PROBLEM TO WORK ON
Word for word, copy the line that contains "Firville Avenue, Normanton photo 4" and each line after it in the data below. Pictures stay out of the copy.

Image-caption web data
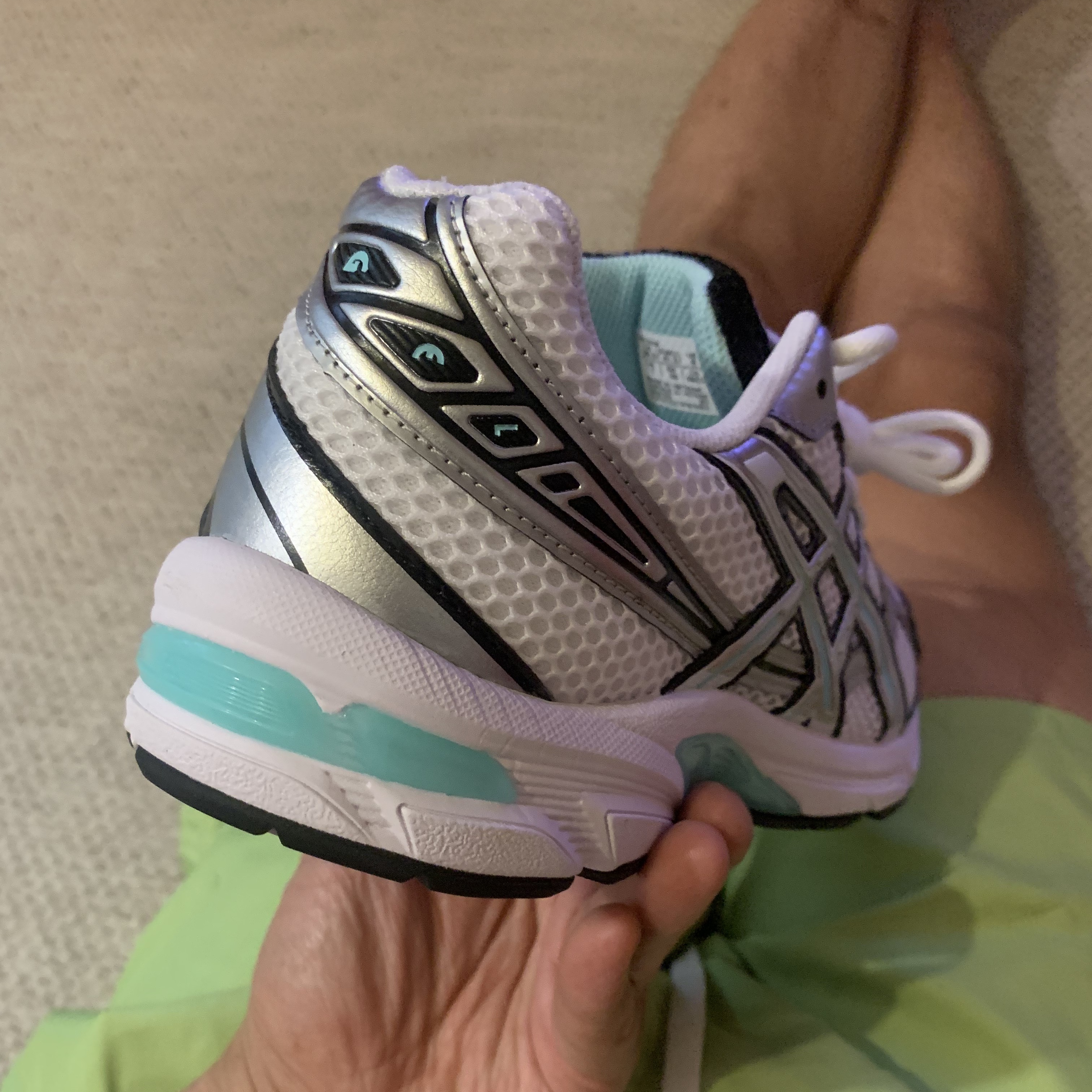 Asics Gel-1130 White Pure Silver 착용 스타일 - 4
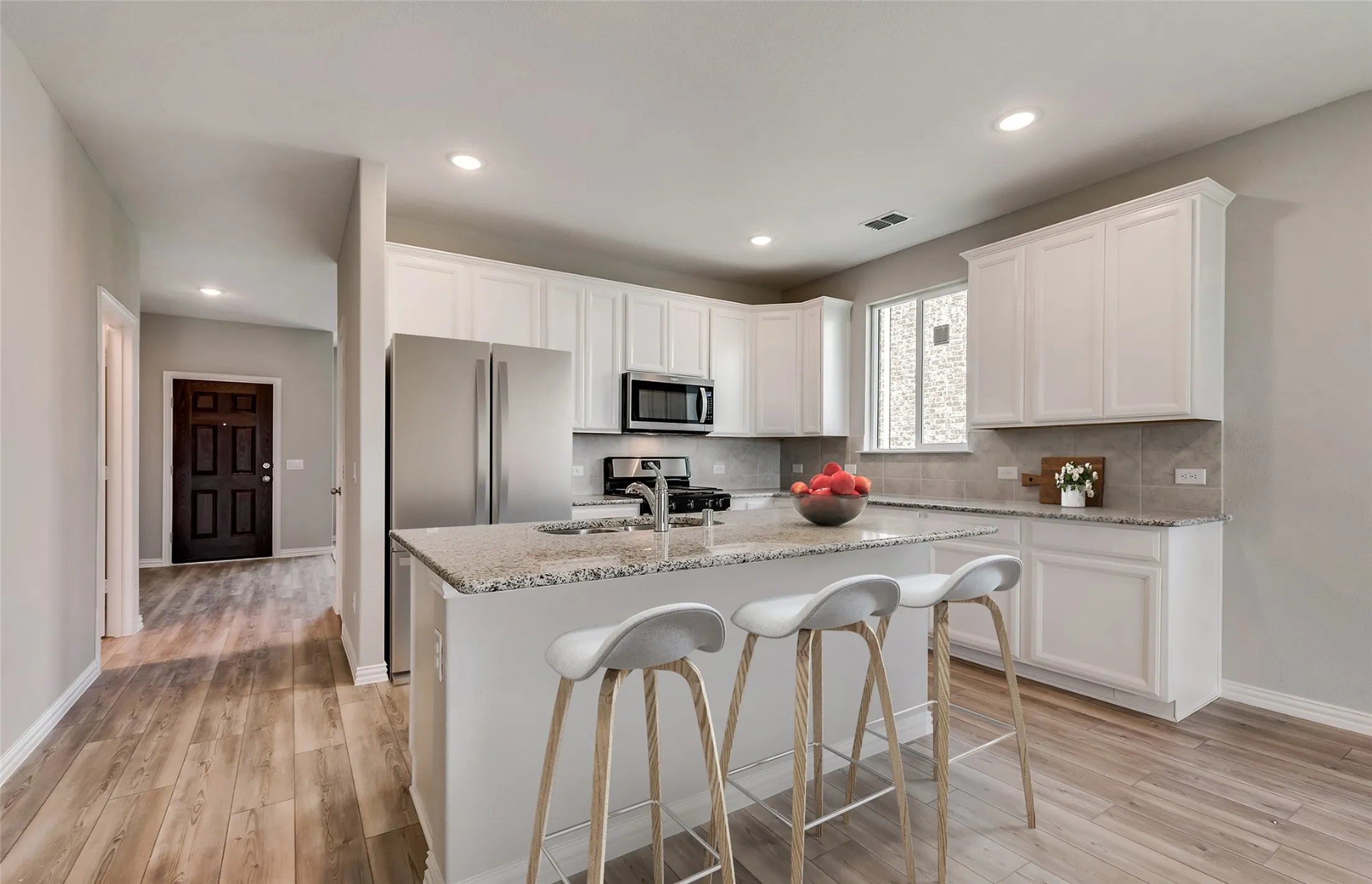 *Virtual Representation - Spacious kitchen with eat-in bartop island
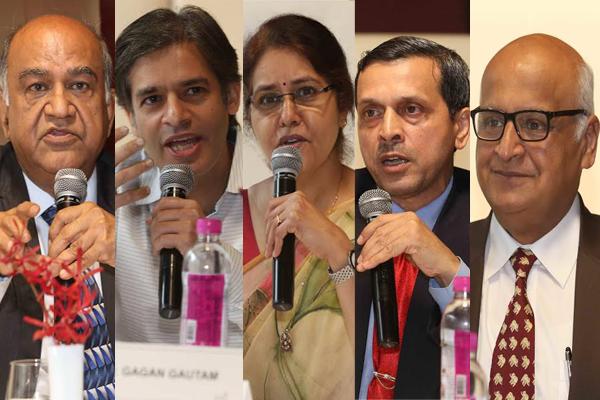 Eminent Fortis, Max, Medanta, Sir Ganga Ram Hospital Surgeons launch da Vinci Surgical Robot on wheels Eminent Fortis, Max, Medanta, Sir Ganga Ram Hospital Surgeons launch da Vinci Surgical Robot on wheels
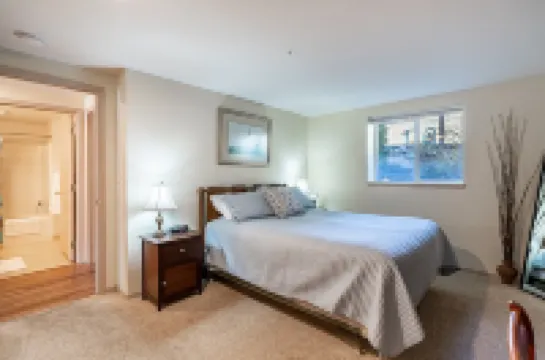 Lovely 2-bedroom condo in Chelan, close to town with mountain views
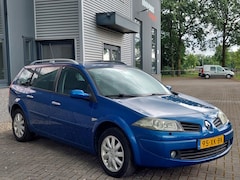 Renault Mégane Grand Tour - 2.0-16V Tech Line trekhaak climate control xenon verlichting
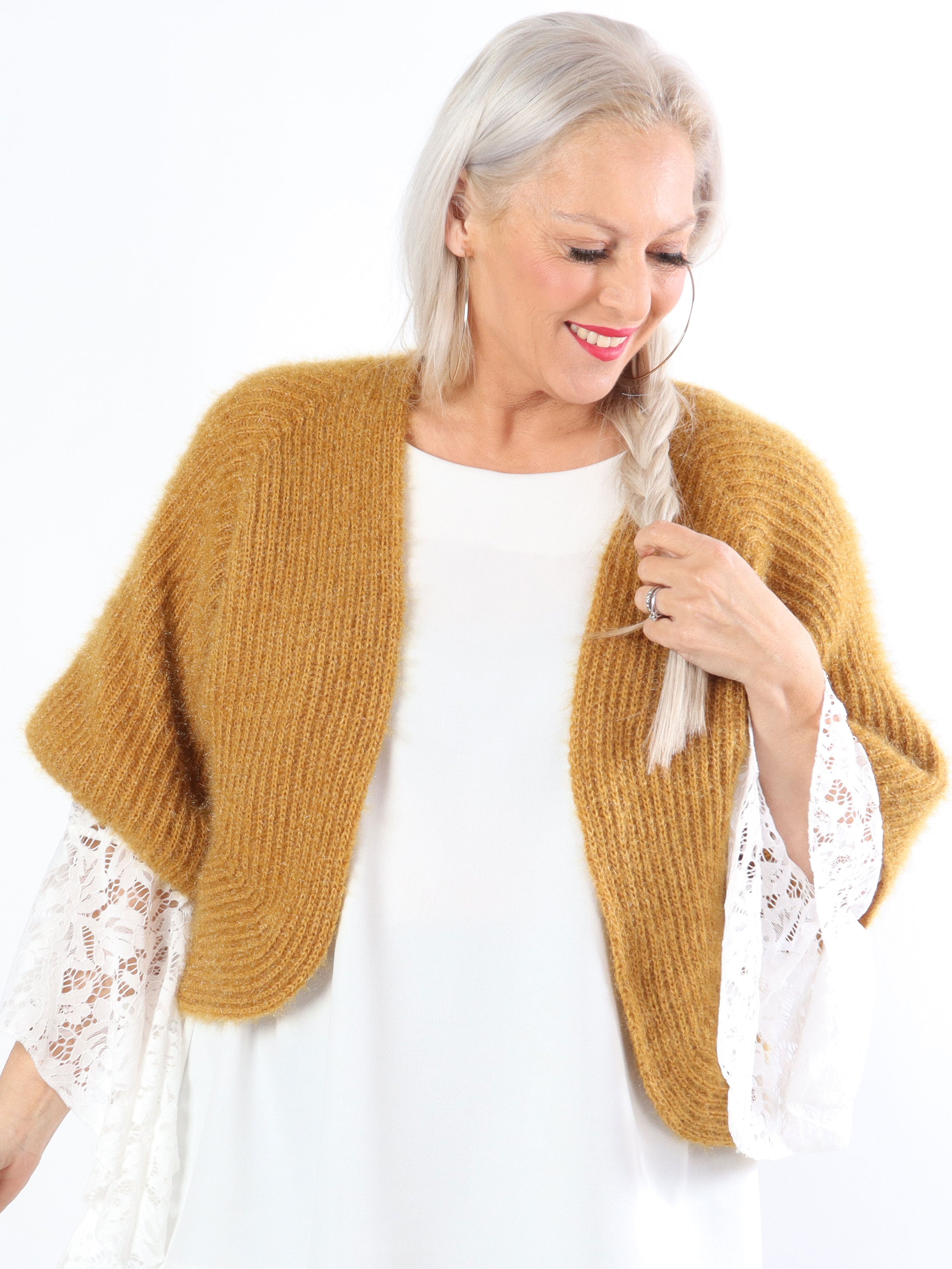 Franca - Sød fluffy plus size bolero i strik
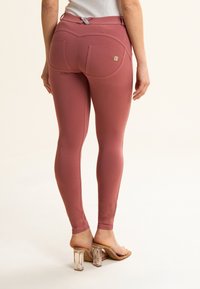 Freddy Leggings - whitered rose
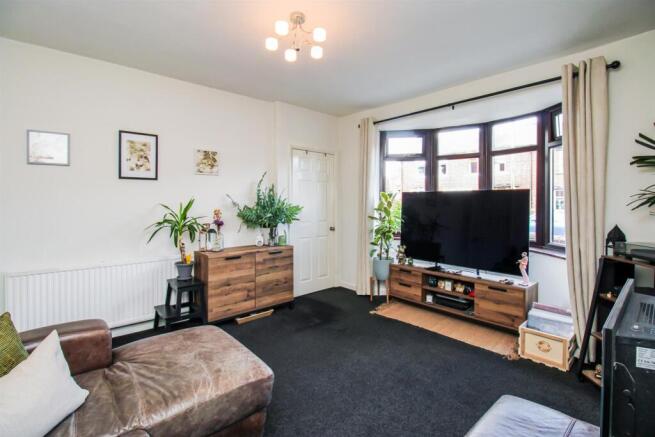 Firville Avenue, Normanton photo 4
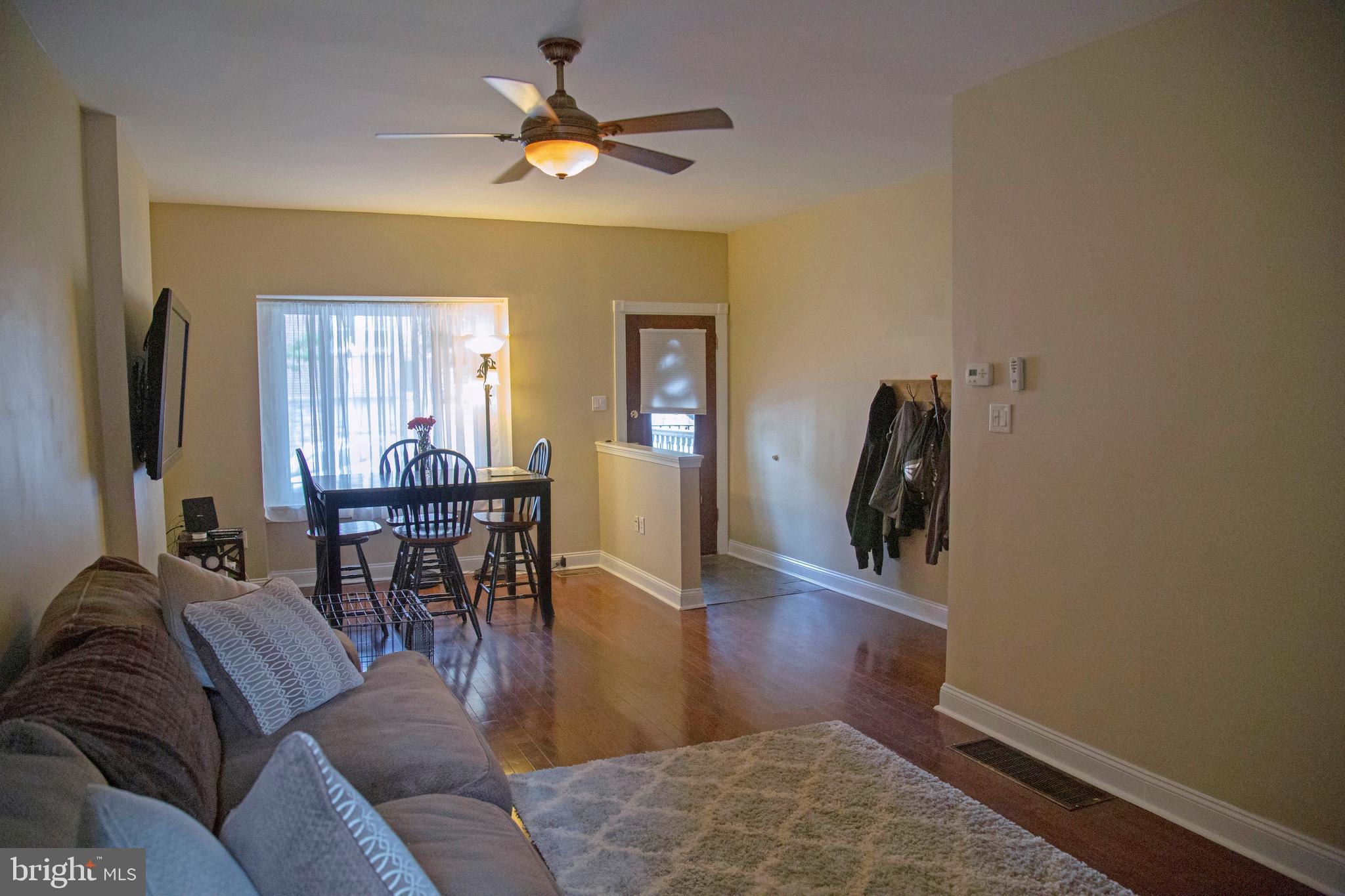 223 Righter Street Philadelphia, PA 19128 - Photo 4 of 29 Livingroom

SOLUTION TO THE PROBLEM
 Firville Avenue, Normanton photo 4
 223 Righter Street Philadelphia, PA 19128 - Photo 4 of 29 Livingroom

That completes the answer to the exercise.